Dulu, ketika saya kecil, kakek saya pernah jalan-jalan ke Amerika mengunjungi anak dan cucunya. Dia berpesan pada kami cucunya yang lain: “Kalian tidak wajib belajar bahasa daerah, tapi kalian harus bisa menguasai bahasa asing, terutama bahasa Inggris.”
Saya pernah belajar 4 bahasa asing: Inggris, Jerman, Thailand dan Korea. Akan tetapi dari 4 bahasa itu, hanya 2 bahasa asing yang benar-benar bisa saya gunakan dalam percakapan: bahasa Inggris dan bahasa Thailand.
Bahasa Indonesia
Bahasa Indonesia merupakan bahasa pertama buat saya.

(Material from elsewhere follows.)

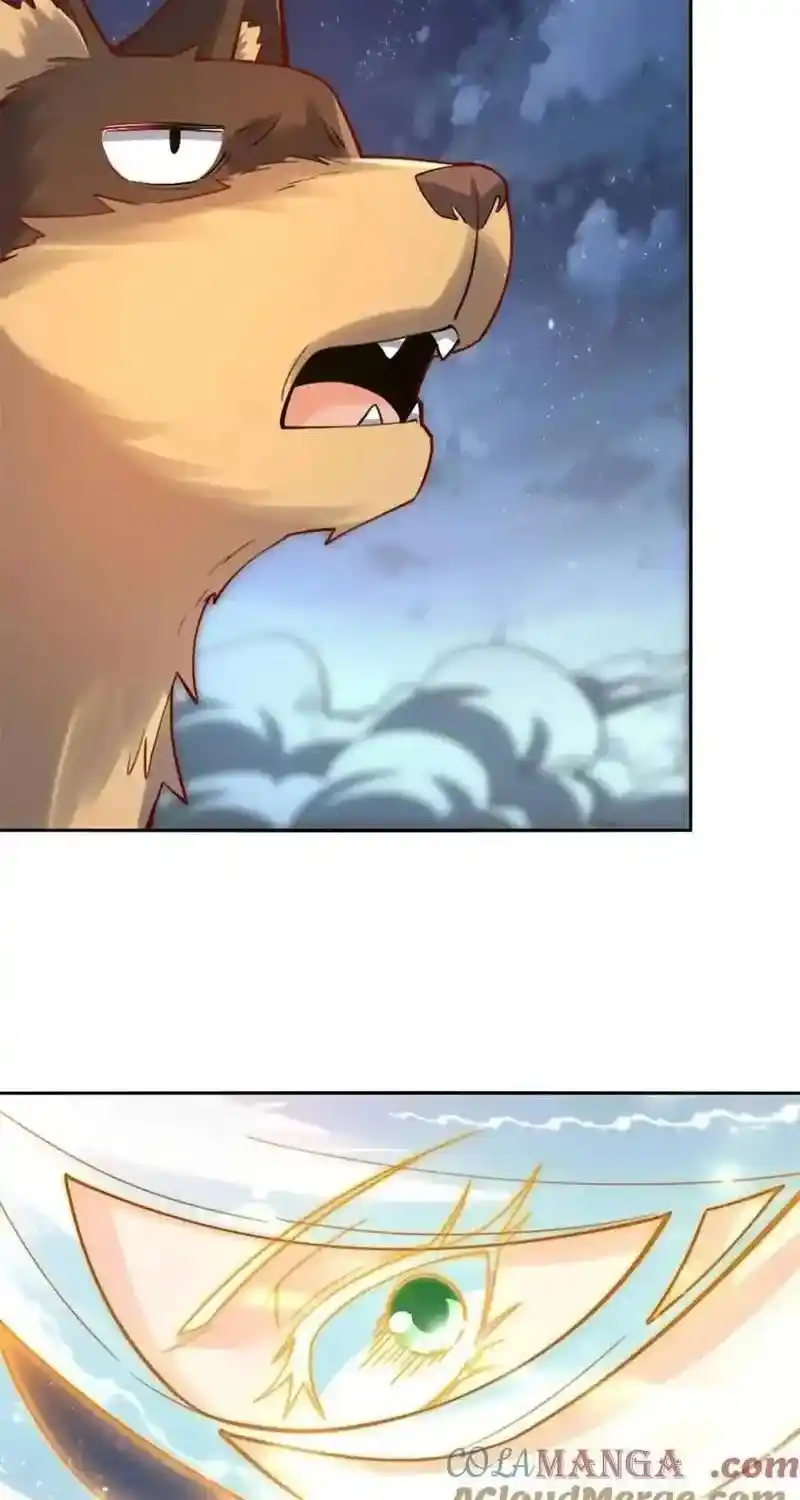 I’m Actually A Cultivation Bigshot Chapter 472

Walaupun orangtua saya di rumah berbahasa daerah (Simalungun), saya tidak pernah merasa bisa bahasa Simalungun. Saya mengerti sedikit kata-katanya kalau mendengar, saya bisa mengerti ketika membaca Alkitab berbahasa Simalungun, tapi saya tidak pernah bisa dengan lancar ngobrol bahasa Simalungun. Di masa sekolah di Medan, Sumatera Utara, saya tidak pernah mendapat pelajaran bahasa daerah.

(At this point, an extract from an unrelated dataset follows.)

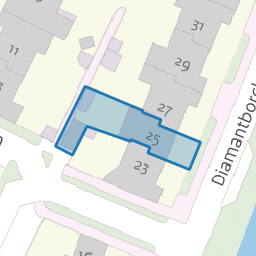 Perceel RML00-H-3334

Tinggal di Bandung selama hampir 12 tahun tidak membuat saya bisa bahasa Sunda. Saya hanya bisa mengucapkan beberapa kata yang umum digunakan dalam pergaulan, tapi saya tidak pernah menjadi penutur bahasa Sunda.

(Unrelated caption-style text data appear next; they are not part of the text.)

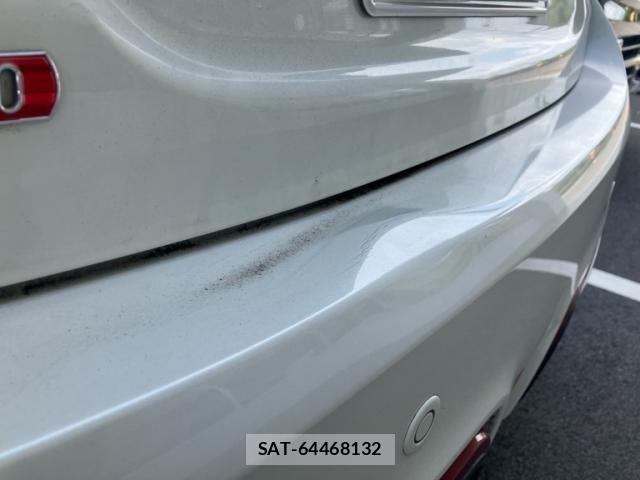 Nissan NOTE 2018-02 8526365-9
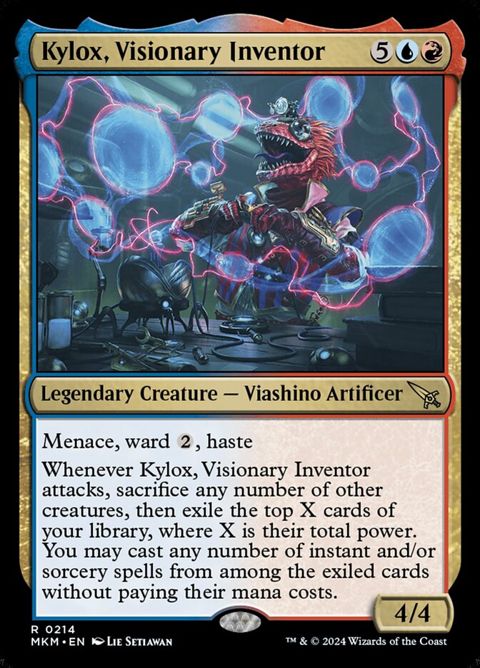 214-kyloxvisionaryinventor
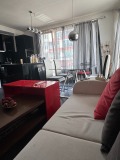 Продава 3-СТАЕН, град София, Манастирски ливади • 330400 € • 16708084 — Holmes.bg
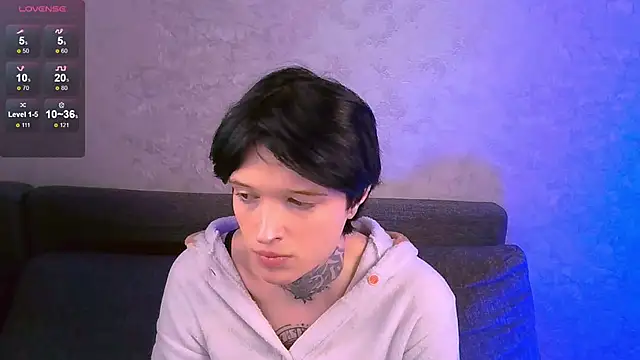 Snapshot of Simona_Rain chatting on February 2025 01:39:02 PM Simona Rain online show from February 2025 01:39:02 PM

Suami saya orang Jawa, orangtuanya masih sering saya dengar berbahasa Jawa. Akan tetapi, karena suami saya juga tidak pernah saya dengar berbahasa Jawa dengan orang tuanya, saya tidak pernah merasa perlu belajar bahasa Jawa.
Pembelaan saya selalu begini: bahasa Simalungun saja saya tidak bisa, bagaimana mungkin saya harus belajar bahasa Jawa? Padahal pada dasarnya ya tidak ada kebutuhan saja sih. Segitu banyaknya bahasa daerah di Indonesia, saya hanya bisa bahasa Indonesia.
Mulai dari lahir berbahasa Indonesia sampai sekarang, tidak membuat saya merasa bahasa Indonesia itu mudah. Sampai sekarang, saya masih sering merasa kewalahan mengingat dan menggunakan aturan PUEBI (Pedoman Umum Ejaan Bahasa Indoenesia).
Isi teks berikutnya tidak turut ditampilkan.